In summer, warming is observed in July and August, the temperature in June decreased slightly. In autumn, warming occurs in all months, the most in November .In November 2005, in 2006, 2008, 2009, 2010, 2011, 2012 In recent years, the average monthly temperature has been above 0. As a result, over the past 10 years (2003-2012), the average temperature in November has turned positive, reaching +0.9, which was previously unusual for this month. In the Moscow region, November traditionally refers to the cold season.

=== Le taux 1991-2020 ===
Since 2021, the norms of the 1991-2020 series, calculated according to the data of the VDNKh meteorological station, can be used to characterize the modern climate of Moscow. The World Meteorological Organization has decided that it is necessary to calculate two climatic standards: the climatological standard and the reference. The climatological standard norm is updated every ten years, the reference norm covers the period from 1961 to 1990.

== Criticism ==

=== Lowering the maximum temperature ===
Many professional meteorologists criticize the location of the station. In particular, the site does not meet the requirements of the guidance documents on the location of the weather station, according to which the meteorological site should be removed from buildings and trees by at least 10 times their height. (): The weather booth is shaded by tall trees growing about 30 m from the site.. This contributes to the fact that in sunny weather during the period from mid—October to early March (when the sun is lowest above the horizon), the station's temperature readings in sunny weather are seriously underestimated (by 1-2 degrees compared to other Moscow stations).

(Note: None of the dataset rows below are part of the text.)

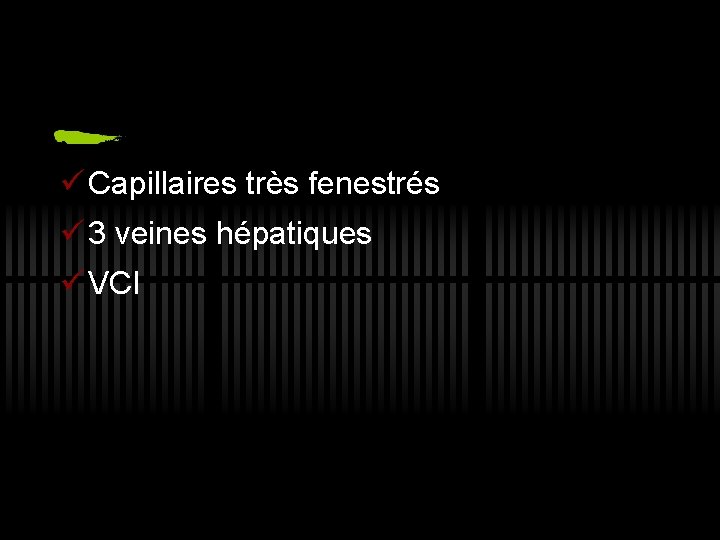 ü Capillaires très fenestrés ü 3 veines hépatiques ü VCI 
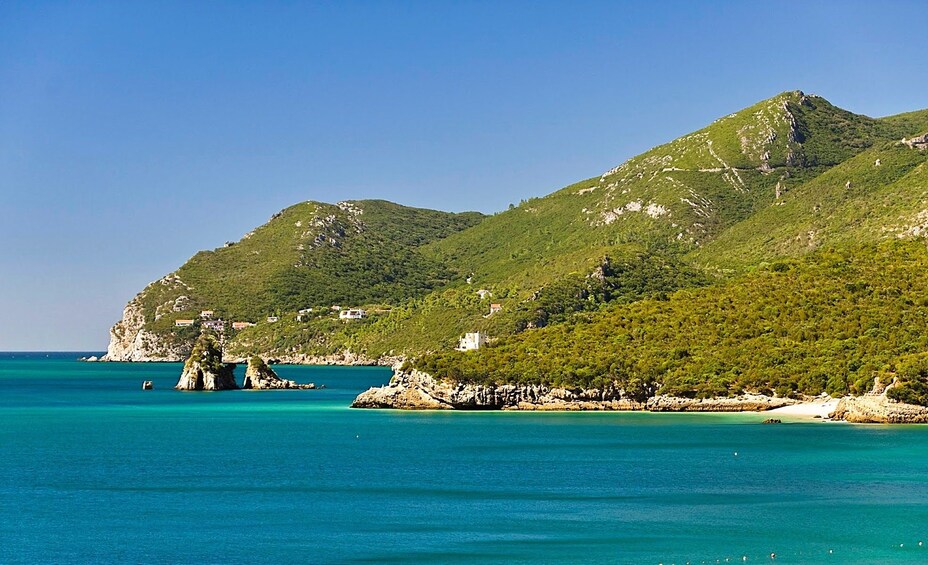 Sesimbra fishing village, Arrábida mountain & wine tasting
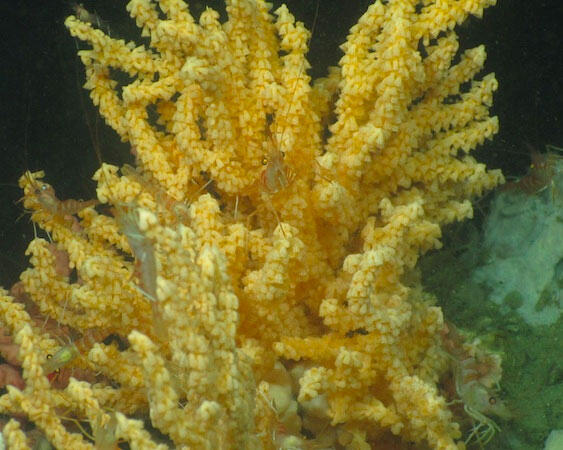 Shrimp perched on a colony of Primnoa resedaeformis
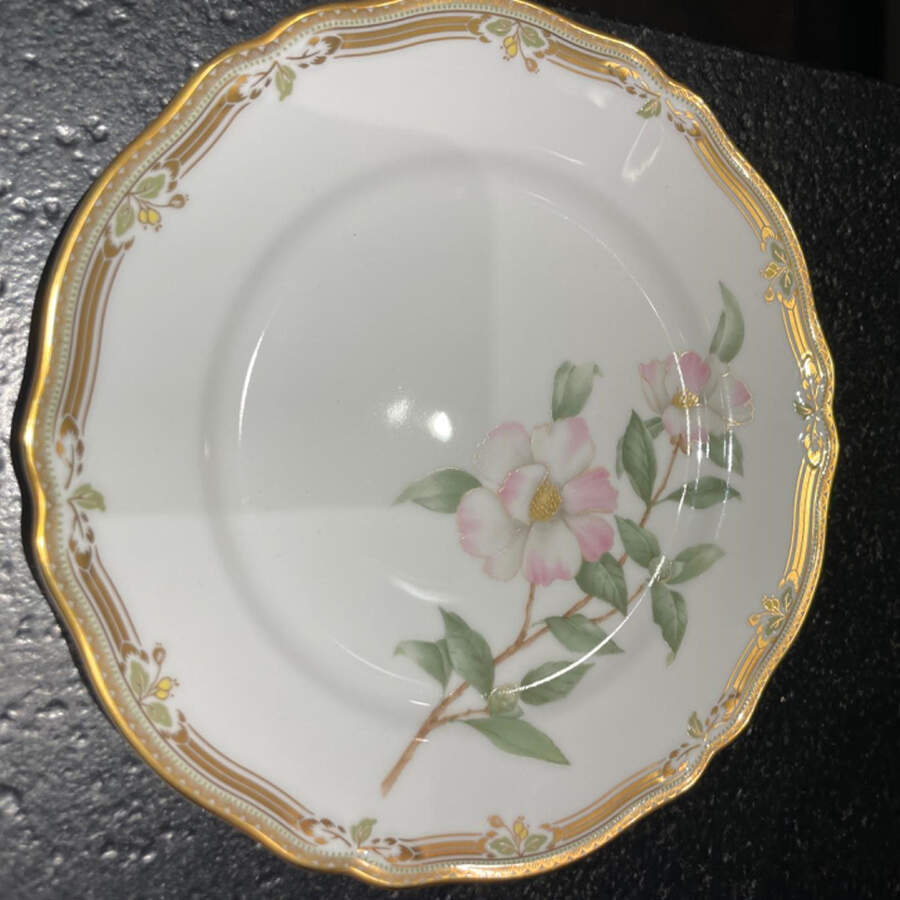 Gala Contessa Salad Plate by Noritake-1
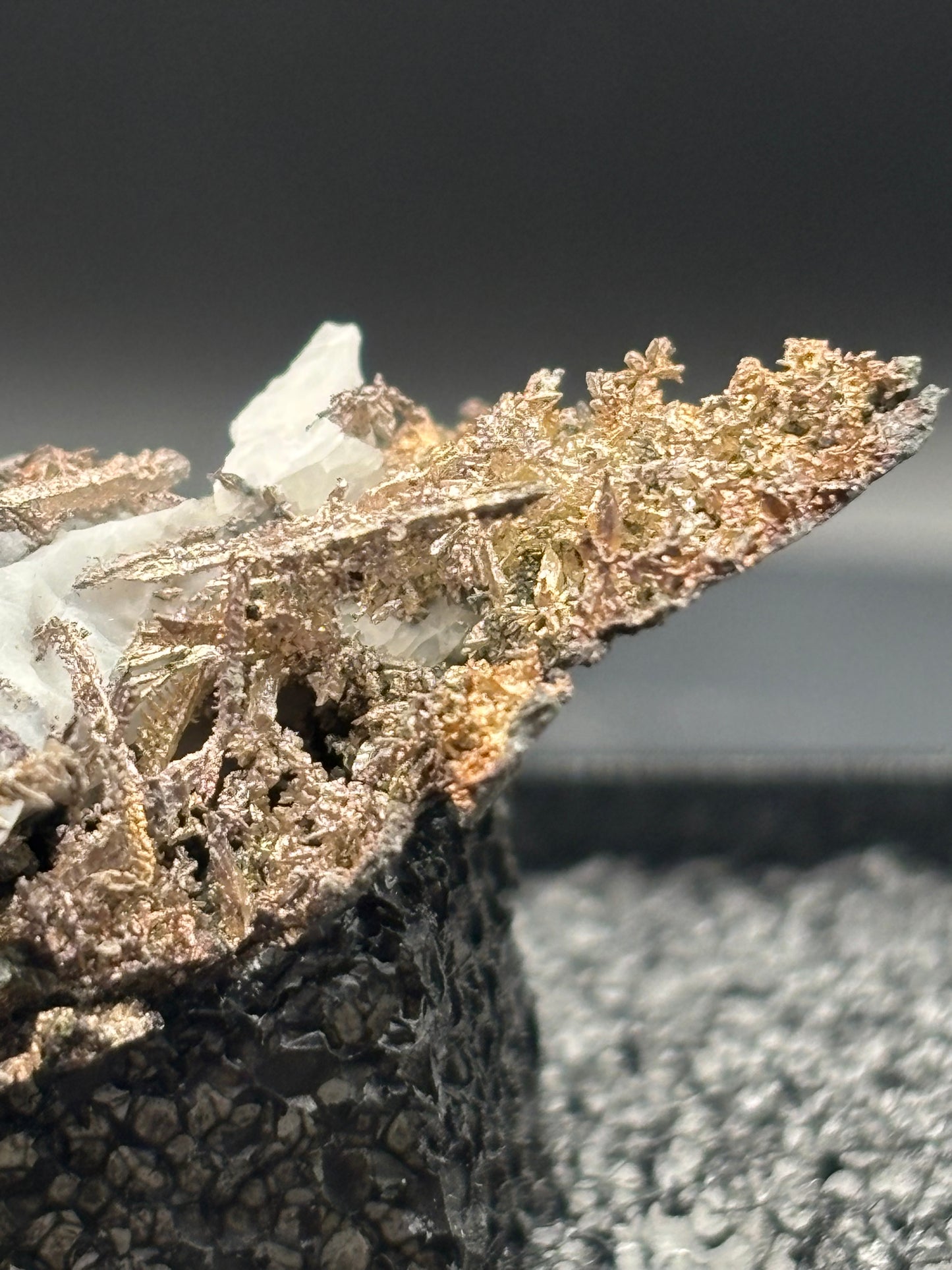 Dendritic Wire Silver – Batopilas, Chihuahua, Mexico – Native Silver Specimen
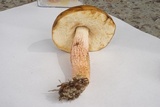 Leccinum roseoscabrum image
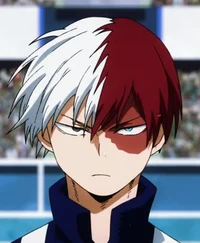 Shoto Todaroki 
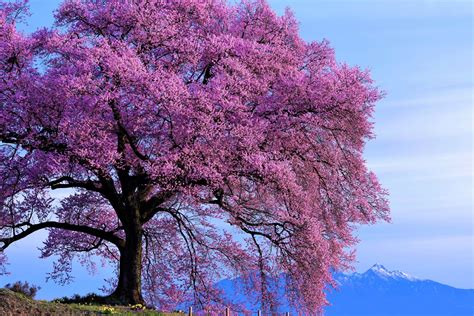 Purple Flowering Tree 4k Ultra Hd Wallpaper Background Image 7360x4912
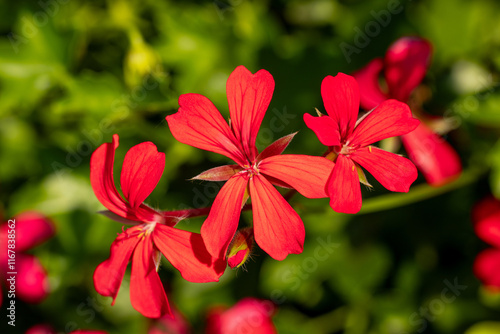 Wallpaper Mural Vivid Red Geranium Blooms Torontodigital.ca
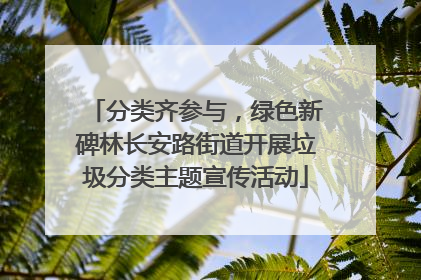 分类齐参与，绿色新碑林长安路街道开展垃圾分类主题宣传活动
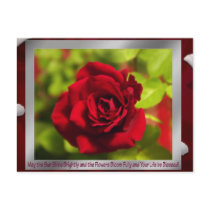 Rose Blessings postcards by Daylily_Dreams_Photo Rose Blessings postcards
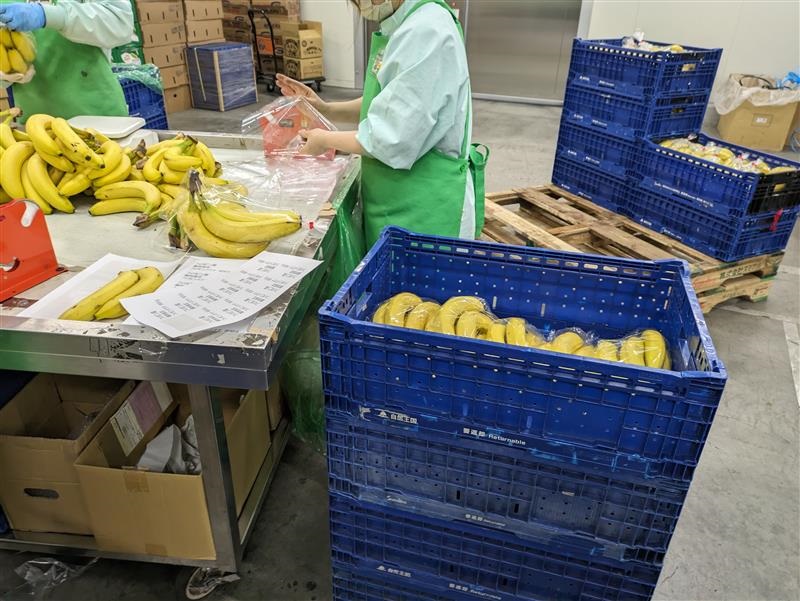 ＼難しくない♪かんたん軽作業／果物のピッキング作業◎＠古賀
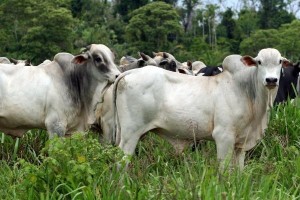 gado-pasto-atual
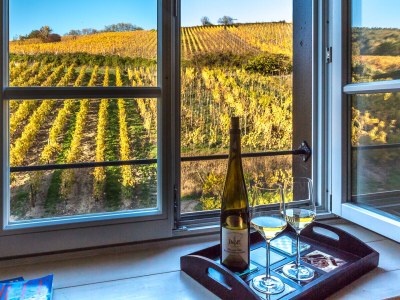 Holiday apartment The Fox & Grapes - Features photo 6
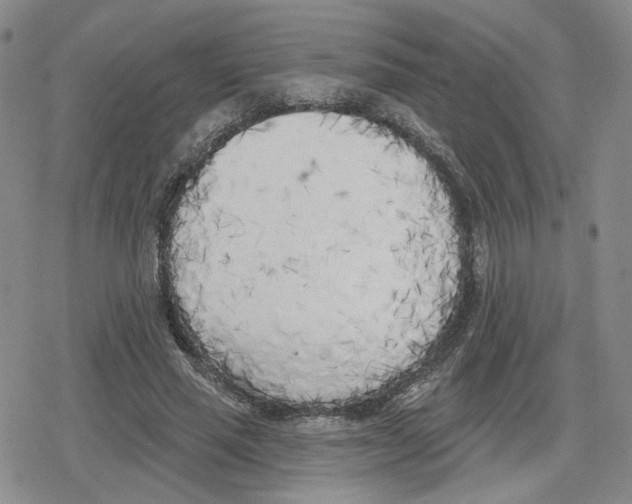 X0000079310637200612151753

=== Measuring wind speed and recording weather events ===
Due to the location of the weather station among dense buildings, it has significantly reduced wind speed and the frequency of snowstorms (compared to weather stations located on the outskirts of the city). There are no night-time landmarks to determine visibility, as a result, visibility observations are not performed at night..

=== Snow cover ===
In recent years, the problem of recording more snow cover than the surrounding metropolitan and regional weather stations has become significant. The fact is that the weather station is located in a kind of hollow — there is a forest belt on the south side, which is also located on an elevation relative to the site. Also, given that the weather station is located in a dense urban area in the wind shadow, such conditions contribute to the accumulation of snow cover by the end of the meteorological winter, and a significant discrepancy in its measured height from the actual height of snow cover in the city, including in open areas, even those not affected by anthropogenic influences.

All these violations make the site unsuitable for conducting objective meteorological observations in the metropolis..

=== Technical errors in observations ===
Observation errors are also common. An example of a gross error is the value that records the minimum temperature at night from June 30 to July 1, 2010, when, according to data transmitted from the station, the temperature was +1.2 °C. This value is below the historical minimum of July. This data has been transferred to an international exchange and is not subject to correction.

On November 10, 2011, observers made a typo when transmitting encoded data, as a result of which distorted data was received in the international exchange, namely information that the snow cover in Moscow reaches almost 1 meter (97 cm), despite the fact that there was no actual snow cover.